Friday, February 28, 2014

Review: Kiss the Morning Star by Elissa Janine Hoole


Kiss the Morning Star by Elissa Janine Hoole 
Series: Standalone
Published: May 15th, 2012
Publisher: Marshall Cavendish
240 pages (ebook)
Genre: Contemporary upper YA/NA (LGBT)
Acquired this book: Bought
Warning: May contain spoilers
{GoodReads || Buy this book: Amazon || Book Depository || Chapters/Indigo}

The summer after high-school graduation, a year after her mother’s tragic death, Anna has no plans – beyond her need to put a lot of miles between herself and the past. With forever friend Kat, a battered copy of Kerouac’s DHARMA BUMS, and a car with a dodgy oil filter, the girls set out on an epic road trip across the USA. Maybe somewhere along the way they’ll prove or disprove the existence of God. Maybe they’ll even get laid . . .

It’s a journey both outward and inward. Through the Badlands and encounters with predatory men and buffalo. A crazy bus ride to Mexico with a bunch of hymn-singing missionaries. Facing death, naked in the forest with an enraged grizzly bear . . . Gradually, Anna realizes that this is a voyage of discovery into her own self, her own silent pain – and into the tangled history that she and Kat share. What is love? What is sexual identity? And how do you find a way forward into a new future – a way to declare openly and without fear all that lies within you?

 
I’d been wanting to read Kiss the Morning Star ever since I saw the cover almost two years ago. This book was and wasn’t what I was expecting. I was expecting an epic road trip (which I got), hints - or maybe more than hints - at a romance between Anna and Kat (which I got), and lots of self-discovery (which I got). Despite the ‘…prove or disprove the existence of God’ part in the synopsis, it never occurred to me this book would have religious themes, but it did. Normally I give those books a wide berth (with exceptions here and there), so when the girls kept talking about God and religion, I was a bit wary. Imagine my (pleasant) surprise when it turned out the talk about religion was one of my favourite aspects of the book.

Anna’s dad is a minister, so she grew up in the church. Faith was always a huge part of her life. When her mom dies in a horrible accident, Anna and her dad fall apart. They lose their way, and Anna begins to doubt her beliefs. When her best friend Kat asks her to go on a cross-country road trip, she hesitantly agrees, hoping the distance will make things better and put things into perspective.

I love road trip books. The actual journey is always fun - getting to ‘see’ places you’ve never been (or maybe have, which is exciting too), and meet interesting people along the way who help the characters on their journey. But the emotional journey is just as important, if not more important. I thought Hoole did a fantastic job of tying both together in a way that was both fun and poignant.

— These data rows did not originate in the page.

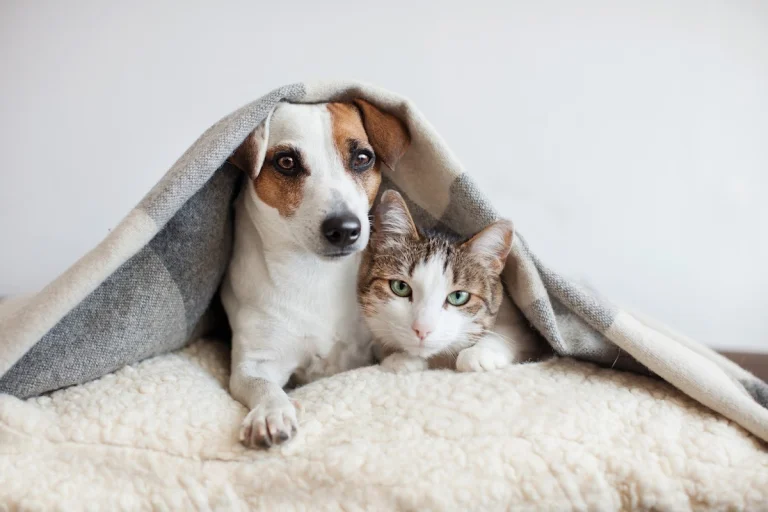 Animal Hospital of Desert, Palm Desert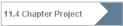 11.4 Chapter Project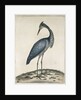 A Heron, 1789 by William Hayes
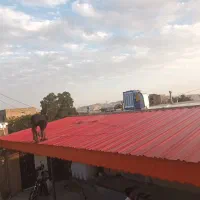 تولیدی ایرانیت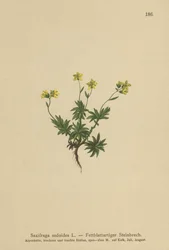 Skalnica wschodnia ( Saxifraga sedoides )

This book was different from a lot of other road trip books in that the girls weren’t taking a journey ‘from somewhere to somewhere else’ - they didn’t have a specific destination in mind, they were just going until they found what they were looking for.

Anna was an interesting character. She was resistant to the idea of ‘finding God’, despite her former life where religion played a huge role. Kat was raised by Atheists, but was open to the idea of finding God. As I said before, even though I tend to avoid books with religious themes, I really liked the girls’ journey to find God. It was as much about finding inner peace, self-acceptance, happiness, and embracing their differences.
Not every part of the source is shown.